▶ _MATERIAL FOR THIS TASK_:
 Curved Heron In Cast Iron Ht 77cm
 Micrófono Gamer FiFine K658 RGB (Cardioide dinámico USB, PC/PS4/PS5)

==

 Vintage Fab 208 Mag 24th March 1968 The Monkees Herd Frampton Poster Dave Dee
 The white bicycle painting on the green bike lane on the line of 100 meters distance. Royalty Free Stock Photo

* * *

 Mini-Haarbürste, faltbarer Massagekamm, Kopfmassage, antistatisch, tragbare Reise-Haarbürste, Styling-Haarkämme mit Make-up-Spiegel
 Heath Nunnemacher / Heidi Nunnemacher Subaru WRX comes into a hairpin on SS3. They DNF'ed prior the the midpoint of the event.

▶ _DIRECTIONS_: Which lines run from the one holding "Curved Heron In Cast Iron Ht 77cm" through the one holding "Micrófono Gamer FiFine" in the records above? Repeat them exactly, both included, and nothing more.

▶ _EXERCISE OUTPUT_:
 Curved Heron In Cast Iron Ht 77cm
 Micrófono Gamer FiFine K658 RGB (Cardioide dinámico USB, PC/PS4/PS5)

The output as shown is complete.